Justice Harold Burton, in his dissent, wrote, “How many deliberate and intentional reapplications of electric current does it take to produce a cruel and unusual punishment? While five applications would be more cruel and unusual than one, the uniqueness of the present case demonstrates that, today, two separated applications are sufficiently ‘cruel and unusual’ to be prohibited.
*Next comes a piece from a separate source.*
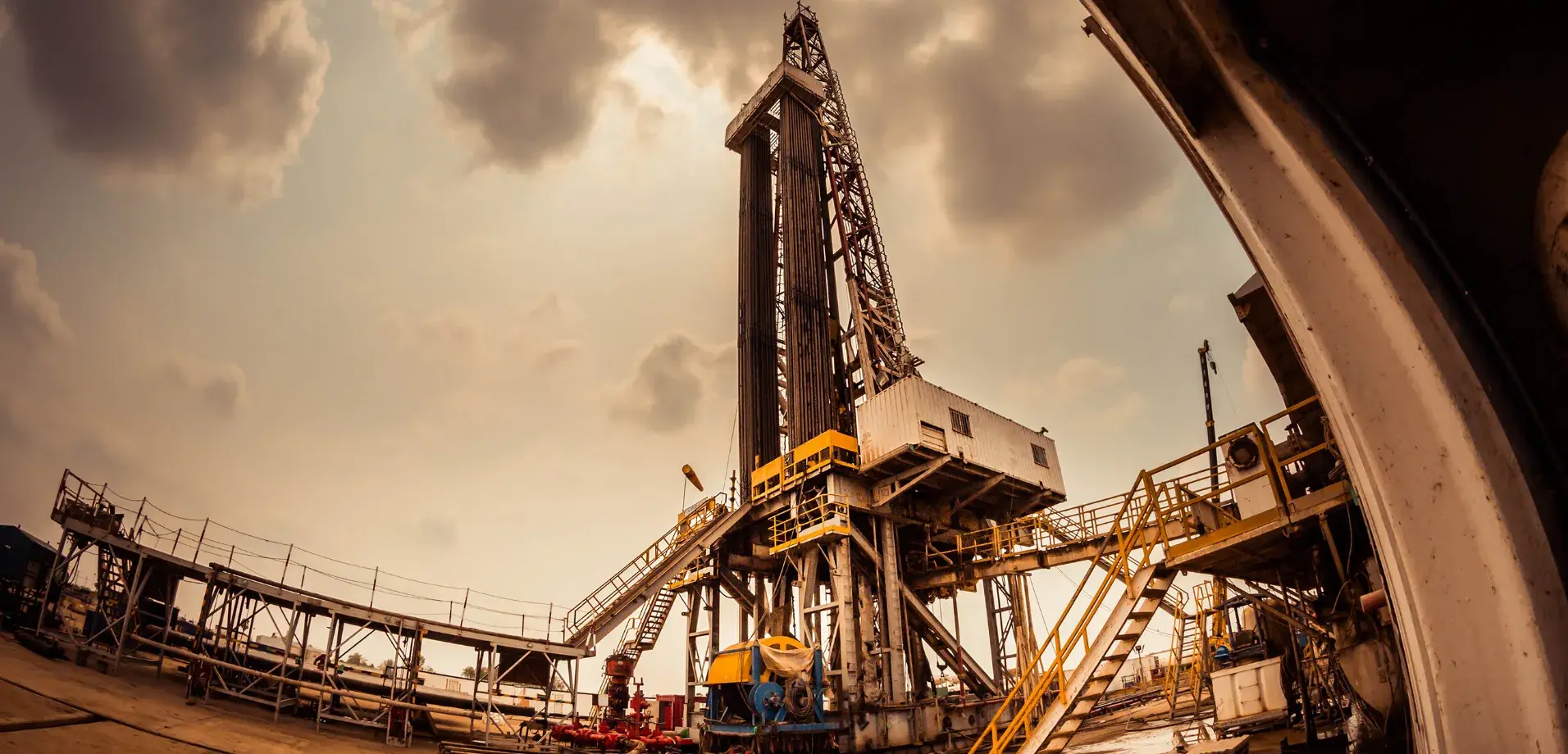 Mandrake Signs Drilling Contract, to Advance Drilling of Gold and Copper Targets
If five attempts would be ‘cruel and unusual,’ it would be difficult to draw the line between two, three, four and five.”
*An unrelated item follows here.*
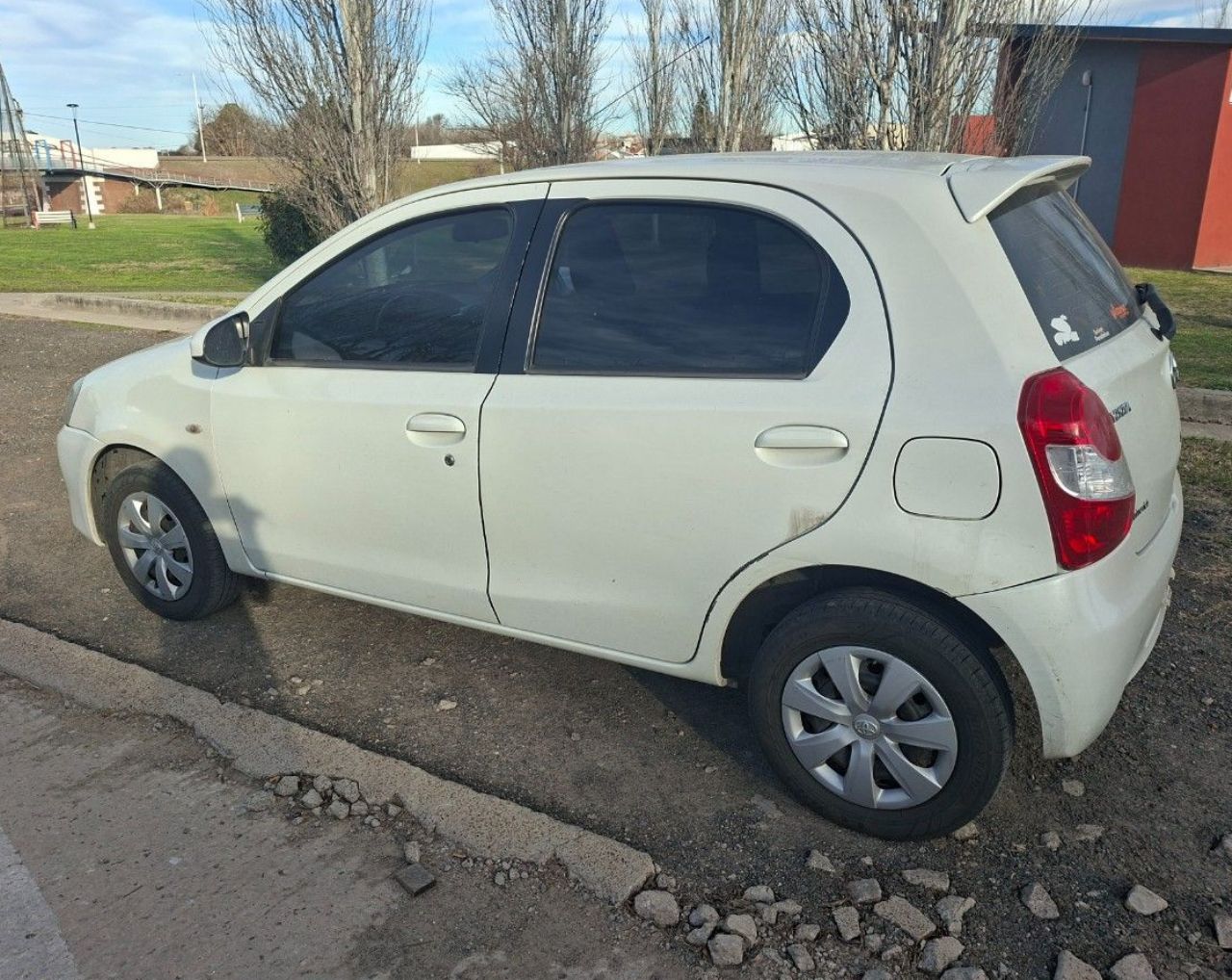 Toyota Etios Usado en Entre Ríos, deRuedas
With all hope apparently gone and a new date set for the execution of Willie Francis, DeBlanc was sitting in his office when an old friend stopped by and informed the Cajun lawyer that the two executioners had been seen drinking all night and into the morning of the May 3rd, 1946. One witness stated that while he had seen other executions, Willie’s was the “most disgraceful and inhumane” exhibition he’d ever seen, and that the men responsible for wiring the chair “were so drunk that it was impossible for them to have known what they were doing.”

No longer could Willie’s ordeal be termed, as Justice Felix Frankfurter wrote, “an innocent misadventure.” With just twenty-four hours before Willie’s scheduled execution, DeBlanc obtained signed affidavits and quickly filed a petition with the Supreme Court, citing “negligence on the part of the State.” This time, the Court took notice of the “grave nature of the new allegations,” but said it could not consider the petition until the supreme court of Louisiana had ruled. The U.S. Supreme Court had essentially given DeBlanc legal advice on how to save the life of Willie Francis.
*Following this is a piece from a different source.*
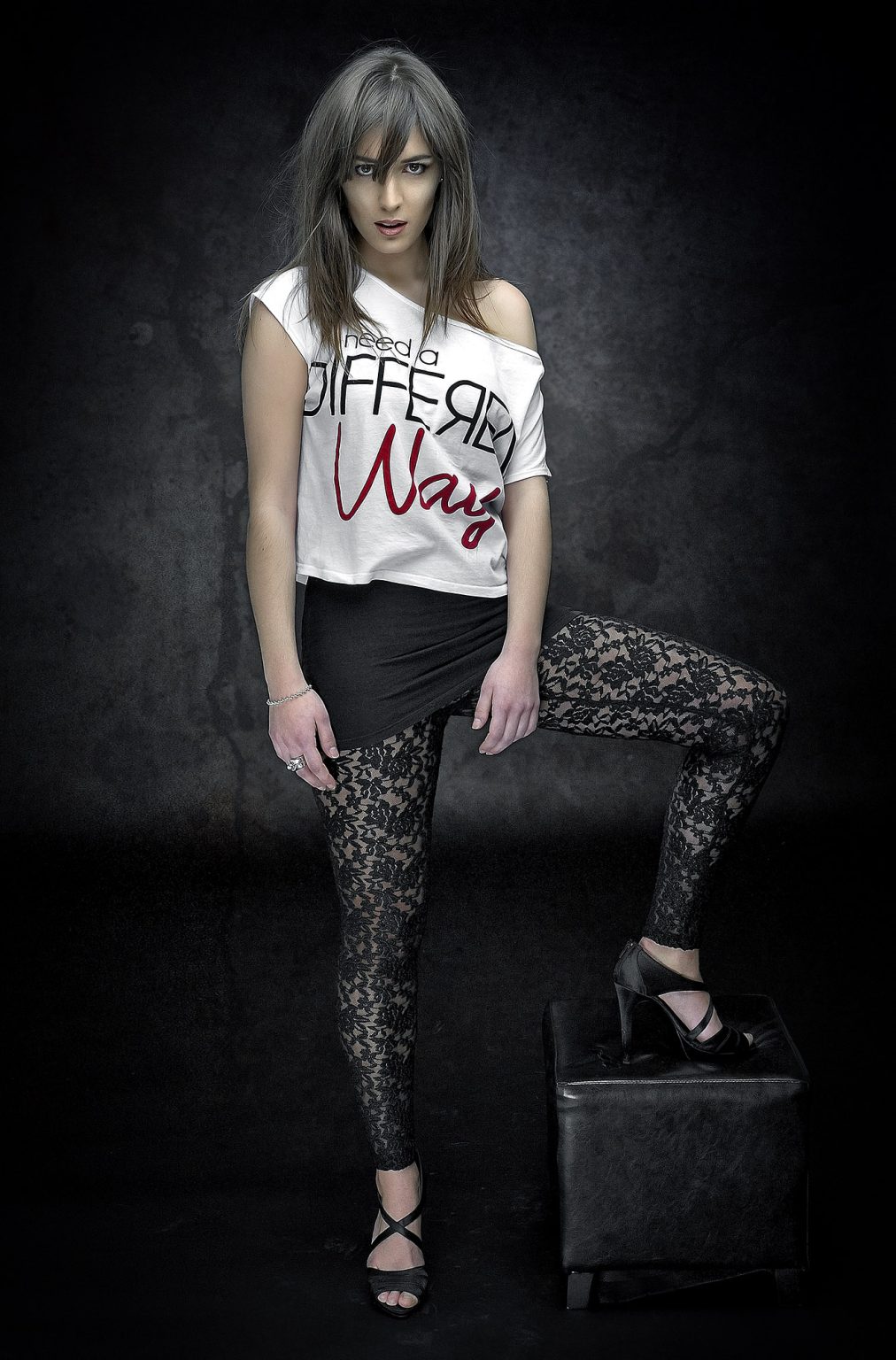 Modelo con medias de dibujos y camisola blanca. Sesión de estudio por Rubén Casado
Even Frankfurter, who admitted that his decision to allow Louisiana to re-execute the youth had “told on my conscience a great deal,” thought it was a“shocking” and “barbaric” thing to do. In fact, Frankfurter was so bothered by the state’s lust for blood that he recruited a high-standing lawyer friend from Louisiana to work behind the scenes, unbeknownst to his fellow brethren, to secure a last minute pardon for Willie Francis and effectively overturn his own decision.

As a result, the full record of Willie’s botched execution and Louisiana’s negligence never did return to the Supreme Court. His case continues to be cited in countless death penalty decisions and opinions, and Willie Francis’s “innocent misadventure” lives on, as legal scholar William M. Wiecek notes, “misapplied to perpetuate state torture.”